[Scraped caption text data]

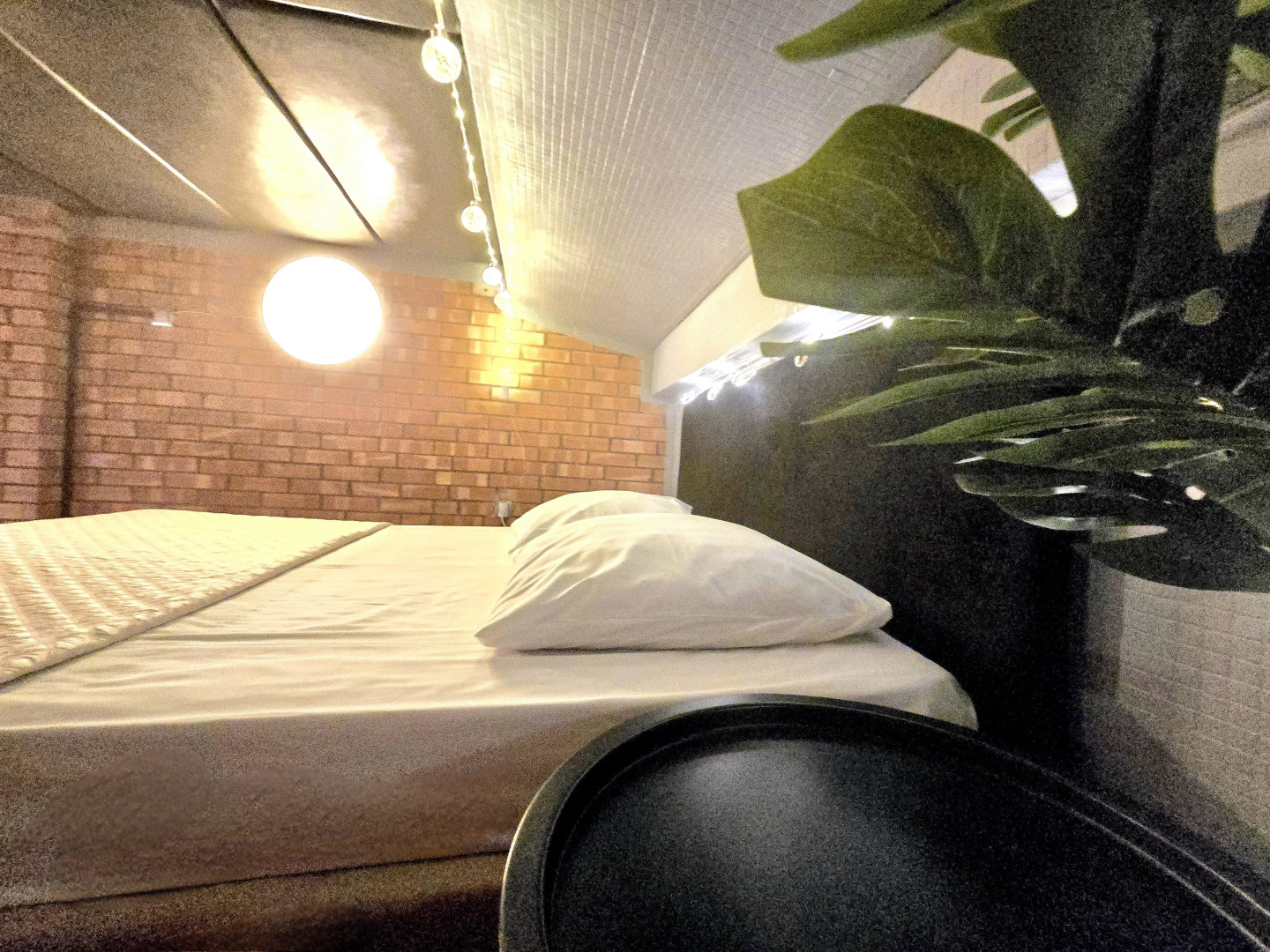 Квартира Лофт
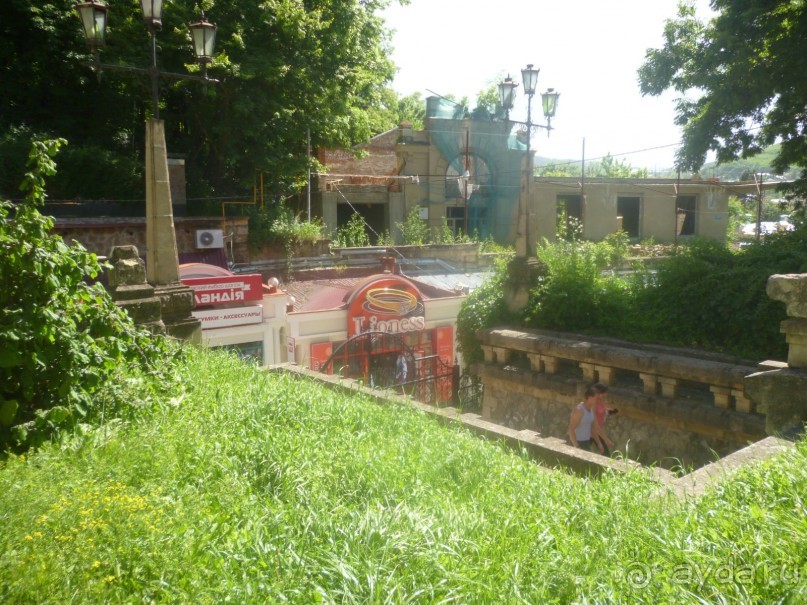 Незабываемое посещение кисловодский мемориальный музей-усадьбу художника Н. А. Ярошенко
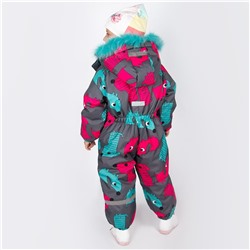 Комбинезон для девочки MYS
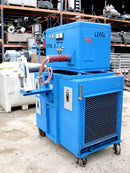 Lepel Corporation Lepak 250 Induction Sealer Lepel 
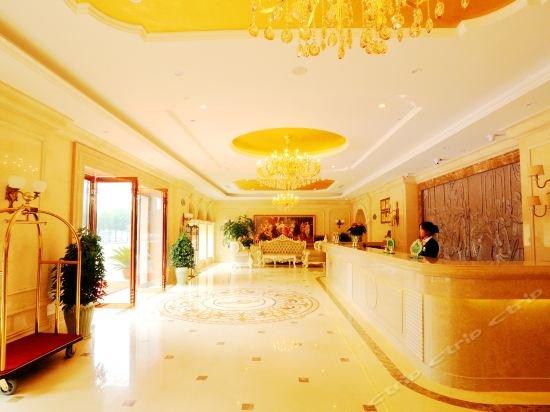 vienna hotel jiangsu nanjing baijiahu jinying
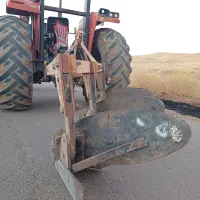 تراکتور فروشی|خودرو سنگین|هرسین, |دیوار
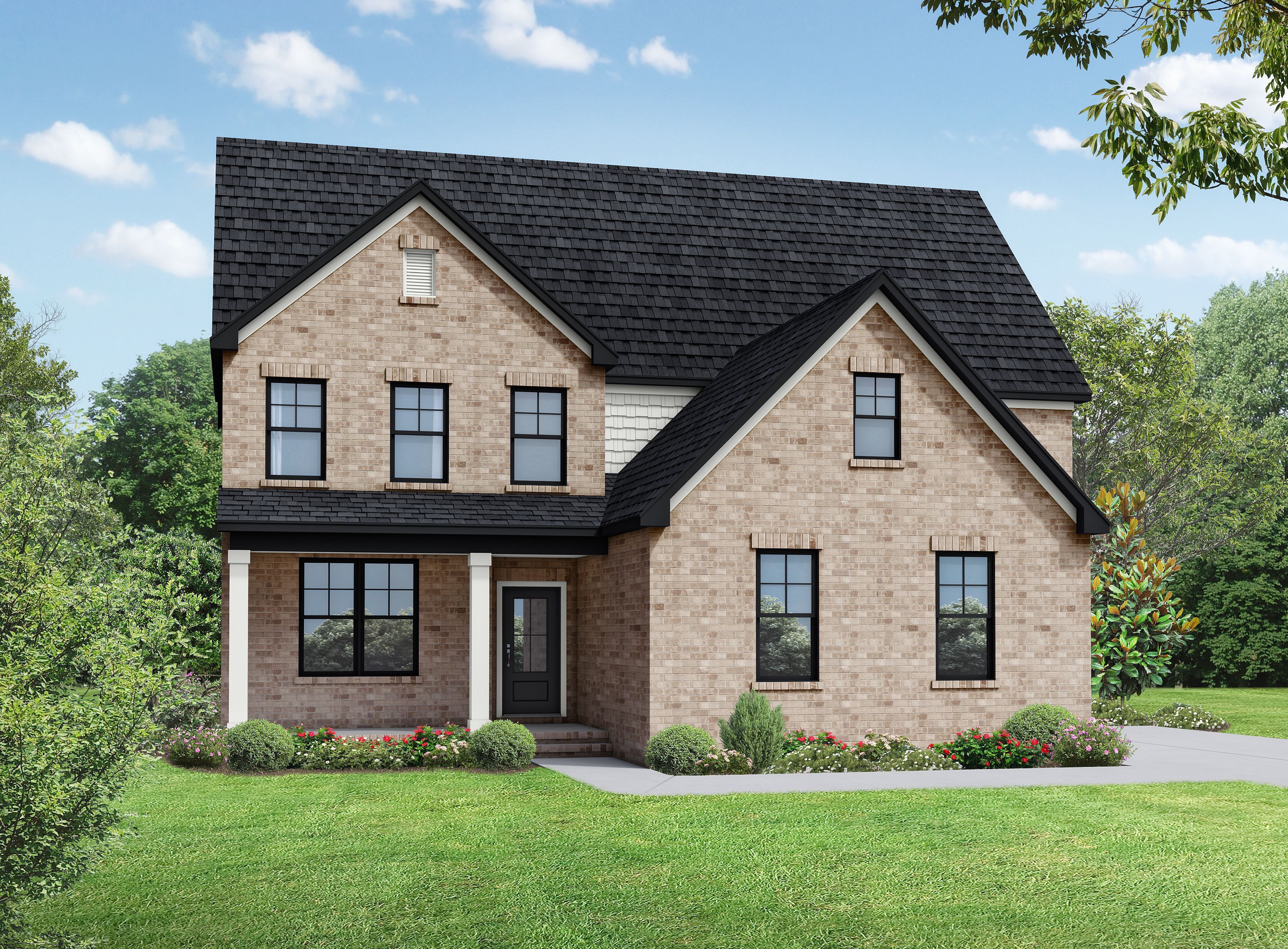 Build The Ash A-BC - now starting at $559,900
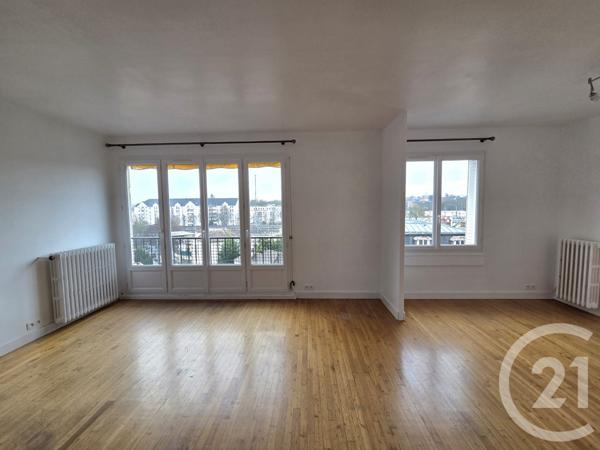 Appartement F4 à vendre  4 pièces - 86,05 m2 PONTOISE - 95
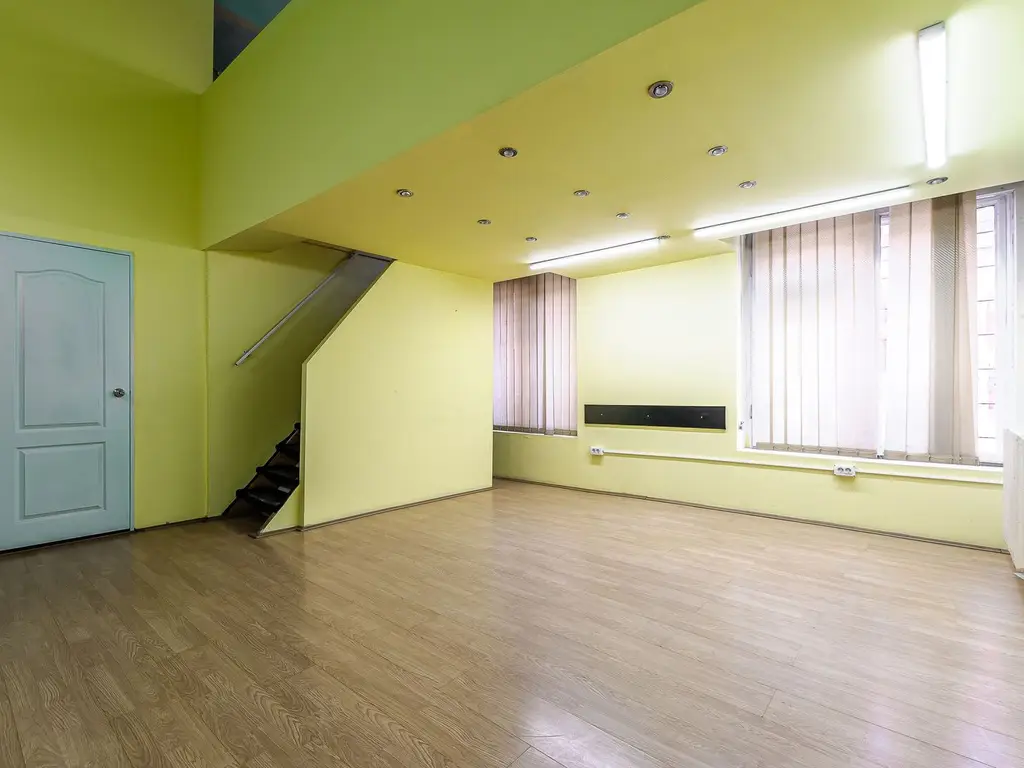 Spațiu comercial premium în centrul Aradului, Fosta Farmacie Grozescu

What you will do: Output the data above exactly, excluding images.

Solution:
 Квартира Лофт
 Незабываемое посещение кисловодский мемориальный музей-усадьбу художника Н. А. Ярошенко
 Комбинезон для девочки MYS
 Lepel Corporation Lepak 250 Induction Sealer Lepel 
 vienna hotel jiangsu nanjing baijiahu jinying
 تراکتور فروشی|خودرو سنگین|هرسین, |دیوار
 Build The Ash A-BC - now starting at $559,900
 Appartement F4 à vendre  4 pièces - 86,05 m2 PONTOISE - 95
 Spațiu comercial premium în centrul Aradului, Fosta Farmacie Grozescu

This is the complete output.